But the whole power of this moment is that it’s so shocking, and it’s so shocking because we’re sure he’s our one hero. That is the whole trick of this book. Martin knows that he’s breaking the law. He’s intentionally creating cognitive dissonance. He’s being puckish. He’s being audacious. He’s blowing our minds.

Of course, after this happens, we’re lost. We’ve never had a book chop off the head of the hero and just keep going before. So once again, we desperately search around for a hero, and don’t know where to turn. (Ironically, I think that most readers will land on Robb, even though he’s not one of the eight POV characters, and won’t be in any subsequent books either.)

Martin is toying with our genre expectations. He seems to think that fantasy readers have too simplistic a sense of moral complexity, and he’s using that to trap us. He knows that we’ll look for the one right hero, and settle on Ned, rather than, say, Jon or Daenerys, then he’ll force us to rewrite our sense of right and wrong and look for heroes in places we may not have looked for them before. That’s his whole point.

If you break a law, you will frustrate your reader. If that’s your whole goal, then go right ahead!

Tuesday, March 20, 2018

Before We Begin: A Full Accounting of My History with “Game of Thrones”

Before we get into an examination of how the beginning of book “A Game of Thrones” works, I thought I’d better come clean about my rocky history with the series.

To begin, let’s go back to before the TV show was made. Like a lot of people, I had that one friend who kept insisting I read the books. “But I don’t like fantasy novels much,” I’d say, at which point he’d insist that this was fantasy for non-fantasy fans, and everybody should check them out. I still resisted, and it was for a rather silly reason: I took umbrage at the “R. R.” initials. I correctly guessed that wasn’t his real name (he added the second “R”) and it seemed so presumptuous that this author who was going to posit himself as an American Tolkien had also adopted his initials. So I never read the books.

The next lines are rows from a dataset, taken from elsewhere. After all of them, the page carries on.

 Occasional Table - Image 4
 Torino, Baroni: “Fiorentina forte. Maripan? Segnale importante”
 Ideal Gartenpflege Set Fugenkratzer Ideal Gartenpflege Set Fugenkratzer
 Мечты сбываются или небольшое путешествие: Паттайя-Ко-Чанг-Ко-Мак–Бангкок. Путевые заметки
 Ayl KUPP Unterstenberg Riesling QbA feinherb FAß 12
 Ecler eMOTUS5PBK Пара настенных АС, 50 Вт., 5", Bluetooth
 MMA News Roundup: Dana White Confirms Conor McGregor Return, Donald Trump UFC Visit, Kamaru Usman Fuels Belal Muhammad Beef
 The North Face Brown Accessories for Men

But then the show came out and people went crazy for it. I watched the pilot and decided not to continue with it because it ended with Bran being pushed out the window, and I was afraid that the show would ask us, as many HBO shows do, to sympathize more with the victimizer than the victim, which I didn’t want to do.

But people kept going crazy for it, so I went ahead and gave it another try when it came out on DVD, and I found that my fears were, at least initially, unfounded. Unlike many HBO shows, this was a show with a refreshing sense of good and evil. The show made no attempt, in that first season, to justify the Lannisters’ behavior. I had managed to avoid spoilers and I was, of course, shocked by Ned’s death, but that didn’t impact my enjoyment of the show. I admired its gutsiness and shifted my hopes for a happy ending onto Robb.

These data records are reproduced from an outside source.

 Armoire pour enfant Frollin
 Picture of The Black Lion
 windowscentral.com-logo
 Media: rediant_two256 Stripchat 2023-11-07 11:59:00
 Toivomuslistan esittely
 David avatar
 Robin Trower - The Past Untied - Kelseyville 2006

The second season I found more disturbing than the first. It did indeed seek to redeem Jamie Lannister a bit, which annoyed me. More troubling, the razing (and presumably raping) of Winterfell was played as a jokey scene. I was also beginning to sense a pattern: Ned’s mercy towards Cercei led to his death, now Robb’s mercy towards Theon led to the holocaust of his home. The show was very well made, but it was starting to seem too harsh for me.

Then came the third season. There was a storyline that stretched the entire season that consisted of nothing but Theon being tortured, episode after episode. That pushed me to the breaking point. Then I got to the Red Wedding. I could no longer deny the politics of the series: The naïve goodness of the Starks was simply there to be punished, and the sadistic savvy of the Lannisters looked good by comparison. I decided I was done with it.

But I also knew that I was addicted. I had to know what happened next, so I simply went to Wikipedia and read the in depth plot descriptions of the rest of book 3 and books 4 and 5. Now I knew what was coming (I took some comfort in the upcoming deaths of Joffrey and Tywin, but not much) so I didn’t have to watch it. Once the show moved on past book 5, I no longer knew what was happening, so I started reading occasional episode recaps to slake my curiosity. I was frequently tempted to dive back in and catch up, but the endless litany of rapes I was reading about squelched that impulse.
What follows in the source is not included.